Well, the Los Angeles County Department of Public Health has spoken, and the answer is: Actually, yeah, kinda.
In response to an outcry over this year’s show — which saw hundreds of nominees, presenters and guests gather unmasked and in close proximity inside a decorated tent at L.A. Live — health officials released a statement Monday absolving participants of their alleged pandemic crimes.
“The Emmy Award show is a television production, and persons appearing on the show are considered performers,” the health department said in a statement obtained by Spectrum News.
“All persons appearing on or in the audience of the Emmy Award show were fully vaccinated against COVID-19. Also, Public Health was informed that each of these persons had a verified negative PCR test prior to the show.”
After more than a year of virtual and outdoor awards shows, featuring top talent in fashionable face coverings, Sunday’s Emmys telecast resembled a return to pre-pandemic times — though the highly contagious delta variant of the coronavirus continues to sweep across California and abroad.
Even Rogen, who presented the first award of the night, couldn’t help but comment on the apparent lack of COVID-19 regulations during the CBS broadcast, which drew 7.4 million viewers.
“Let me start by saying there is way too many of us in this little room,” he quipped before presenting the award for supporting actress in a comedy series to “Ted Lasso” star Hannah Waddingham (and flubbing her name in the process).
“What are we doing?
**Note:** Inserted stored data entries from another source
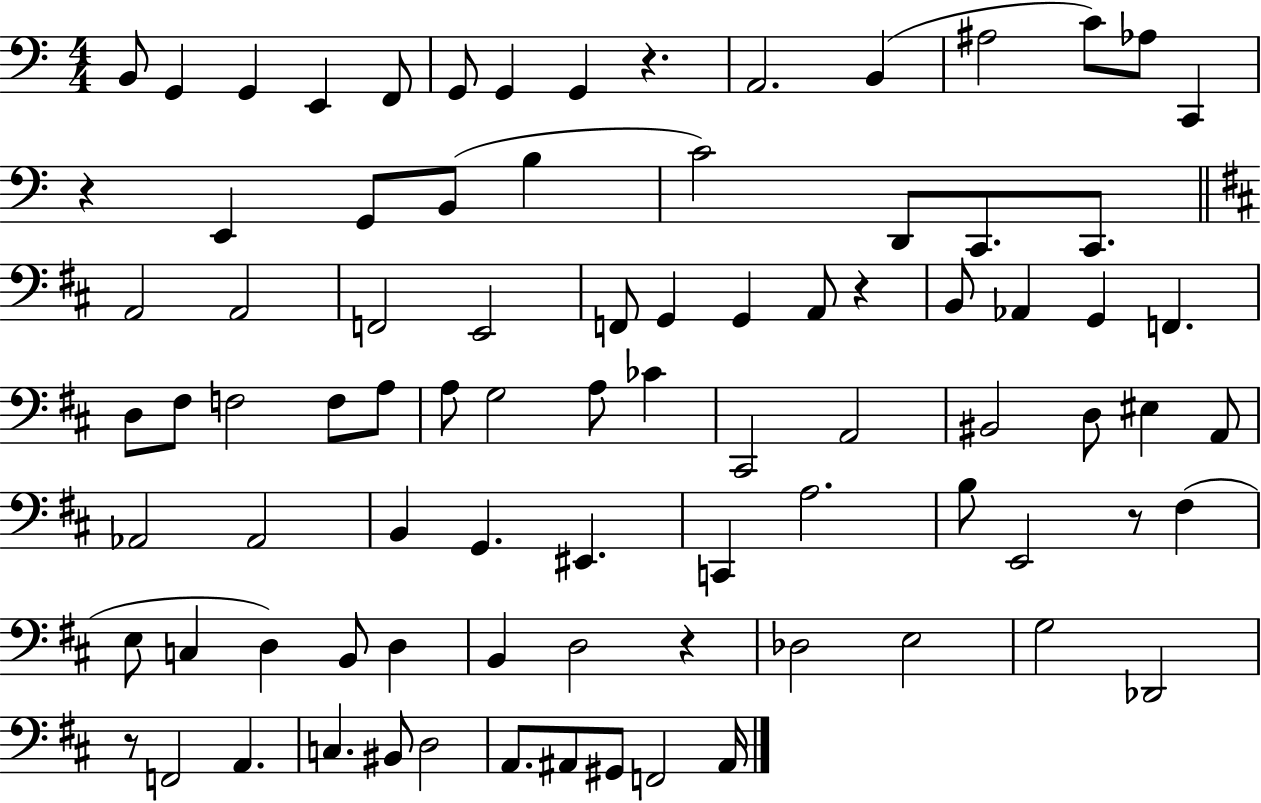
X:1
T:Untitled
M:4/4
L:1/4
K:C
B,,/2 G,, G,, E,, F,,/2 G,,/2 G,, G,, z A,,2 B,, ^A,2 C/2 _A,/2 C,, z E,, G,,/2 B,,/2 B, C2 D,,/2 C,,/2 C,,/2 A,,2 A,,2 F,,2 E,,2 F,,/2 G,, G,, A,,/2 z B,,/2 _A,, G,, F,, D,/2 ^F,/2 F,2 F,/2 A,/2 A,/2 G,2 A,/2 _C ^C,,2 A,,2 ^B,,2 D,/2 ^E, A,,/2 _A,,2 _A,,2 B,, G,, ^E,, C,, A,2 B,/2 E,,2 z/2 ^F, E,/2 C, D, B,,/2 D, B,, D,2 z _D,2 E,2 G,2 _D,,2 z/2 F,,2 A,, C, ^B,,/2 D,2 A,,/2 ^A,,/2 ^G,,/2 F,,2 ^A,,/4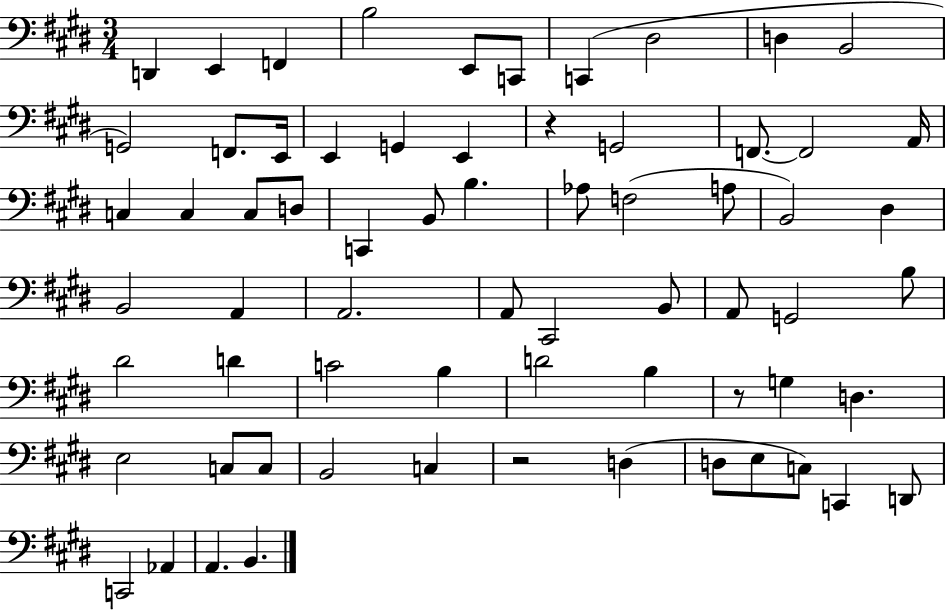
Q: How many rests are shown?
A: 3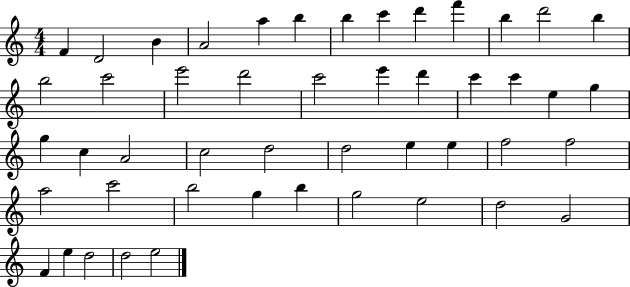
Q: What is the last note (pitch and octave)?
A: E5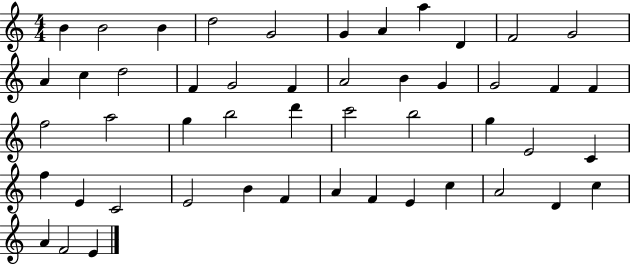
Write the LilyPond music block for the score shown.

{
  \clef treble
  \numericTimeSignature
  \time 4/4
  \key c \major
  b'4 b'2 b'4 | d''2 g'2 | g'4 a'4 a''4 d'4 | f'2 g'2 | \break a'4 c''4 d''2 | f'4 g'2 f'4 | a'2 b'4 g'4 | g'2 f'4 f'4 | \break f''2 a''2 | g''4 b''2 d'''4 | c'''2 b''2 | g''4 e'2 c'4 | \break f''4 e'4 c'2 | e'2 b'4 f'4 | a'4 f'4 e'4 c''4 | a'2 d'4 c''4 | \break a'4 f'2 e'4 | \bar "|."
}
They said this was outdoors. It is not. They lied to us. ... We’re in a hermetically sealed tent right now. I would not have come to this. Why is there a roof? It’s more important that we have three chandeliers than to make sure we don’t kill Eugene Levy tonight. That has been decided.”
Because attendees were immunized and the production crew also was required to be fully vaccinated (or frequently tested leading up to the event), the local health department has dismissed Rogen’s widely shared concerns.
“Public Health will continue to review the protocols of future large television production events and prescribe additional safety modifications to mitigate the risk of COVID-19 transmission,” the agency said.
Vaccinated or not, those not actively participating in a music, TV or film production are still required to wear face coverings indoors in L.A.